Captioned web image data
____

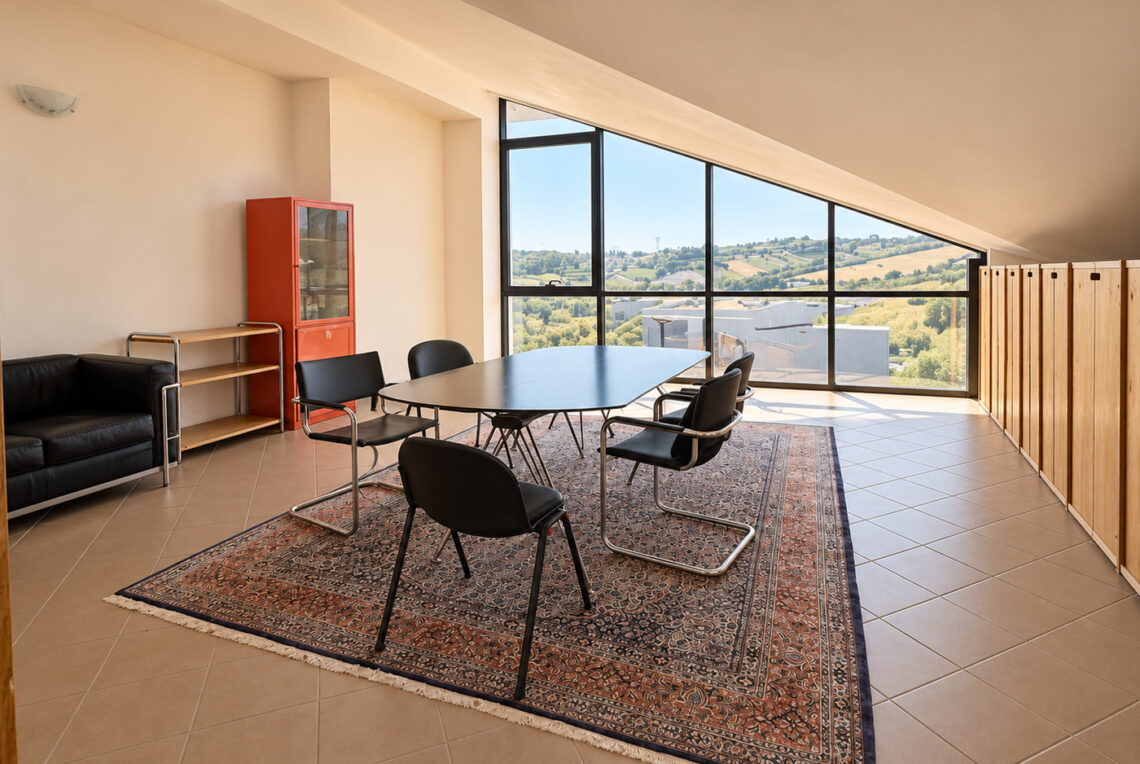 ufficio-falciano-stanza1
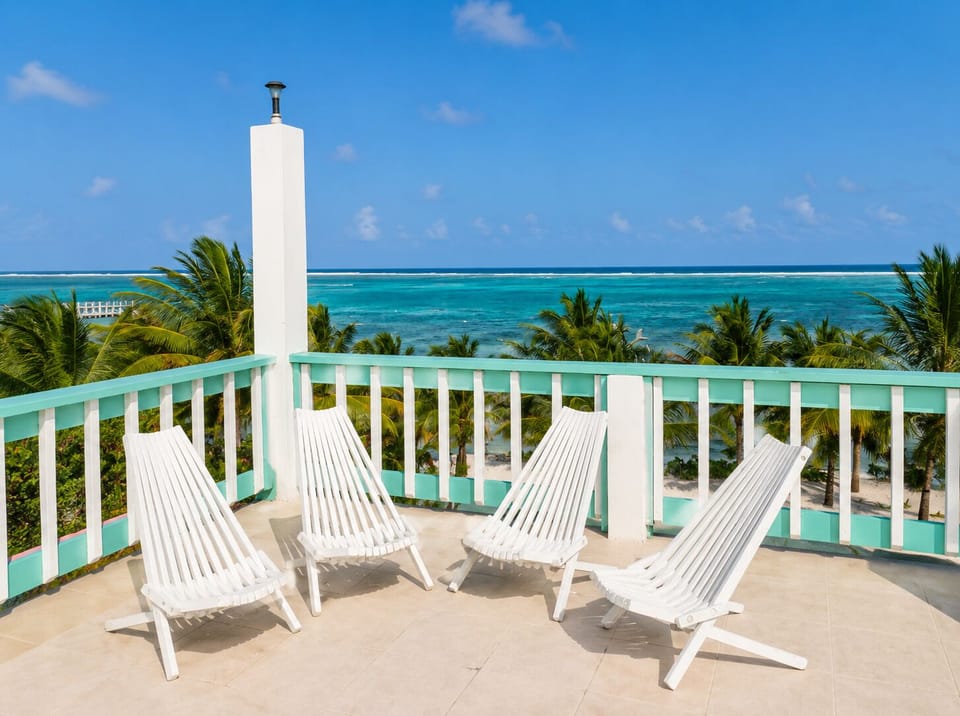Rooftop Lounge with spectacular views!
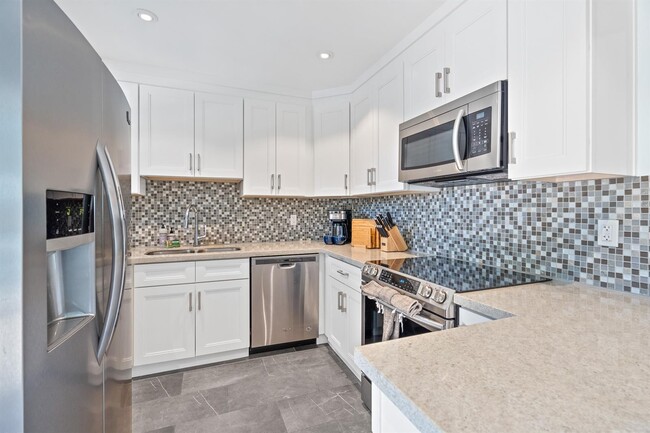 716 NE 17th Rd in Fort Lauderdale, FL - Building Photo - Building Photo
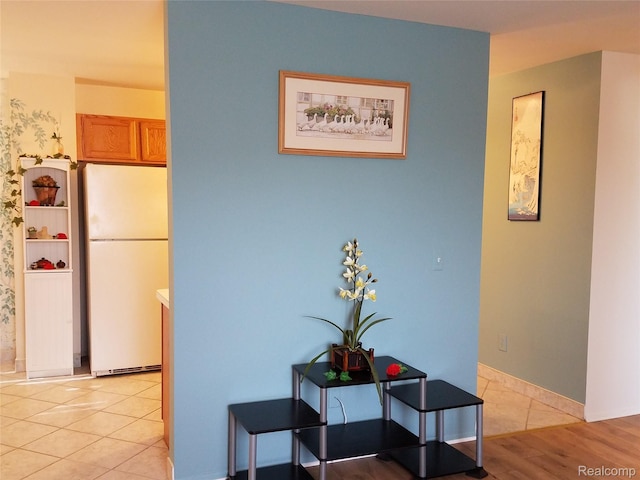 50102 S Benny Ct, New Baltimore, MI 48047 - hall featuring light tile patterned floors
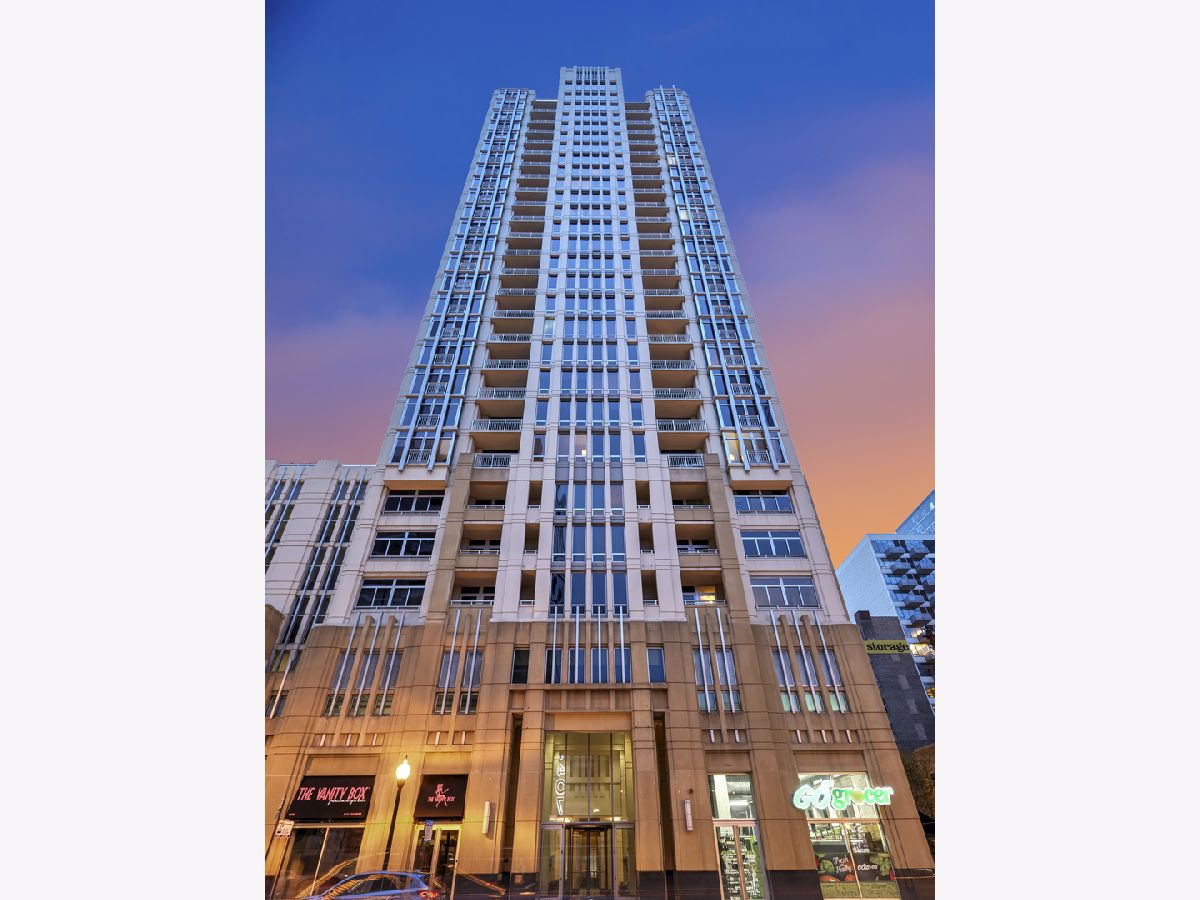  Rented Chicago Illinois, 1400 Michigan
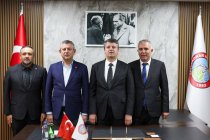 Özgür Özel'den Adıyaman'dan Erdoğan'a: CHP’li Belediyelere Hiçbir Şey Yapmadı’ Diyecek Kadar Kalbi Taşlaşmış…!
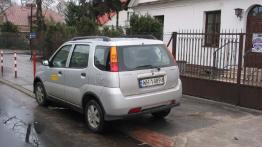 Suzuki Ignis 1.3 16V 2 WD - widok z tyłu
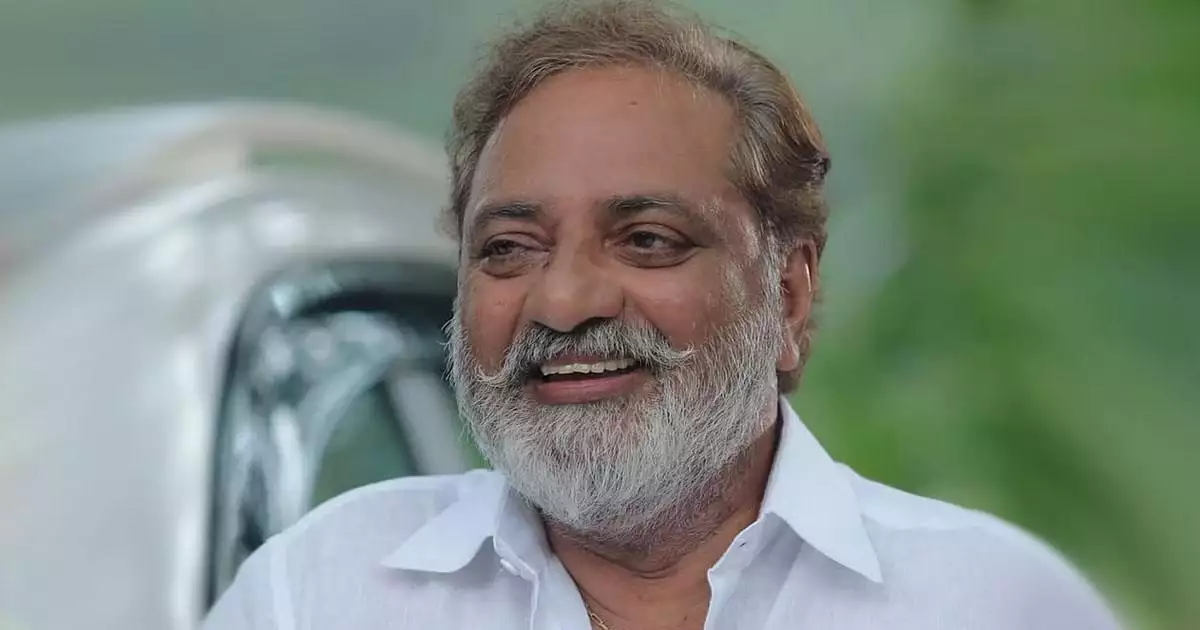 'അടുക്കളയിൽ നിന്നും വിപ്ലവം തുടങ്ങിയല്ലോ മുത്തപ്പാ...ഇതാണോ മാർക്സ് പറഞ്ഞ മിച്ചമൂല്ല്യ സിദ്ധാന്തം'; പരിഹസിച്ച് ജോയ് മാത്യു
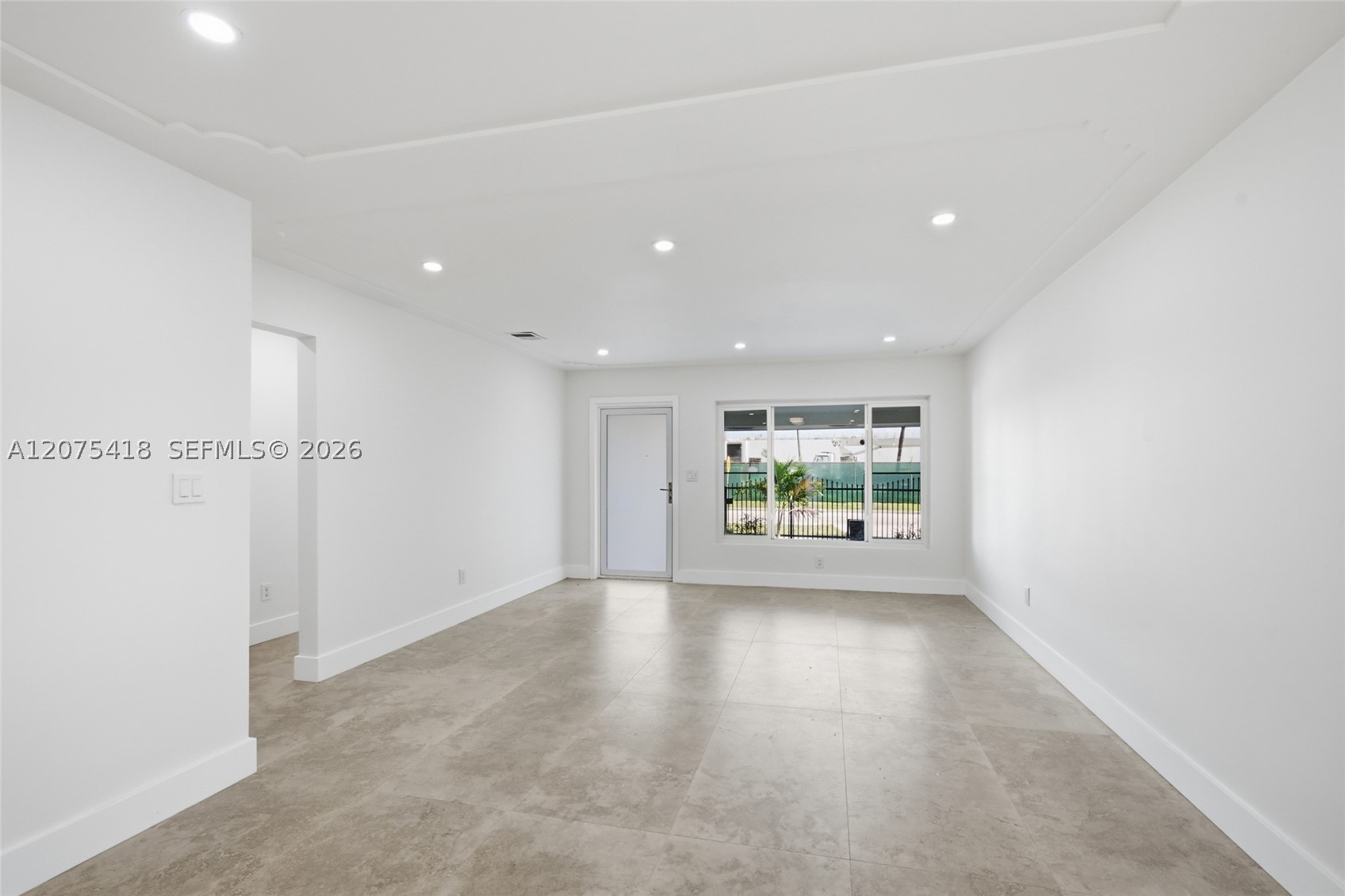 275 W 13 St Property Photo 12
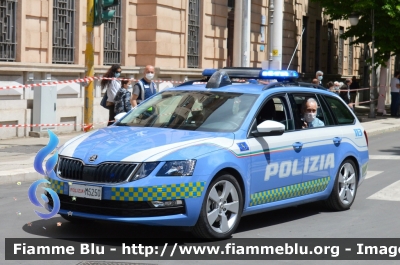 Skoda Octavia Wagon V serie
Polizia di Stato
Polizia Stradale
Allestimento Focaccia
Decorazione Grafica Artlantis
POLIZIA M5250
Parole chiave: Skoda Octavia Wagon_V serie_POLIZIAM5250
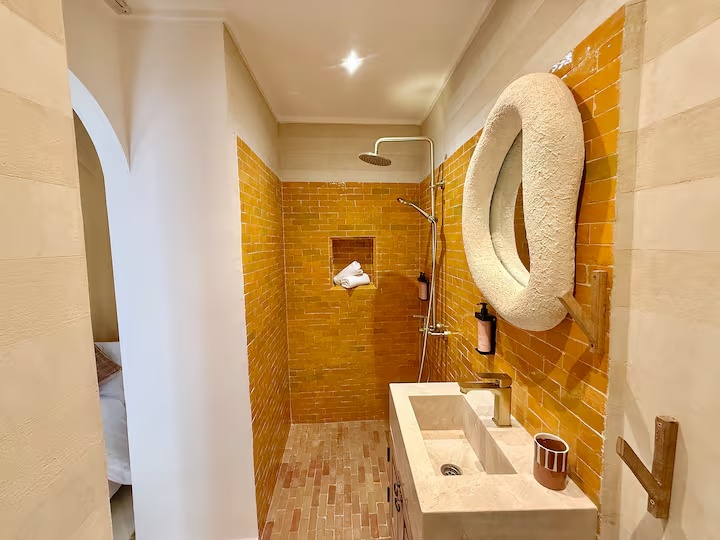 Salle de bain privative de la Chambre Safran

____

Directions:
All pictures must be left out. Reproduce exactly the lines from the one containing "Özgür Özel'den Adıyaman'dan" to the final line of the entries.

Reply:
 Özgür Özel'den Adıyaman'dan Erdoğan'a: CHP’li Belediyelere Hiçbir Şey Yapmadı’ Diyecek Kadar Kalbi Taşlaşmış…!
 Suzuki Ignis 1.3 16V 2 WD - widok z tyłu
 'അടുക്കളയിൽ നിന്നും വിപ്ലവം തുടങ്ങിയല്ലോ മുത്തപ്പാ...ഇതാണോ മാർക്സ് പറഞ്ഞ മിച്ചമൂല്ല്യ സിദ്ധാന്തം'; പരിഹസിച്ച് ജോയ് മാത്യു
 275 W 13 St Property Photo 12
 Skoda Octavia Wagon V serie
Polizia di Stato
Polizia Stradale
Allestimento Focaccia
Decorazione Grafica Artlantis
POLIZIA M5250
Parole chiave: Skoda Octavia Wagon_V serie_POLIZIAM5250
 Salle de bain privative de la Chambre Safran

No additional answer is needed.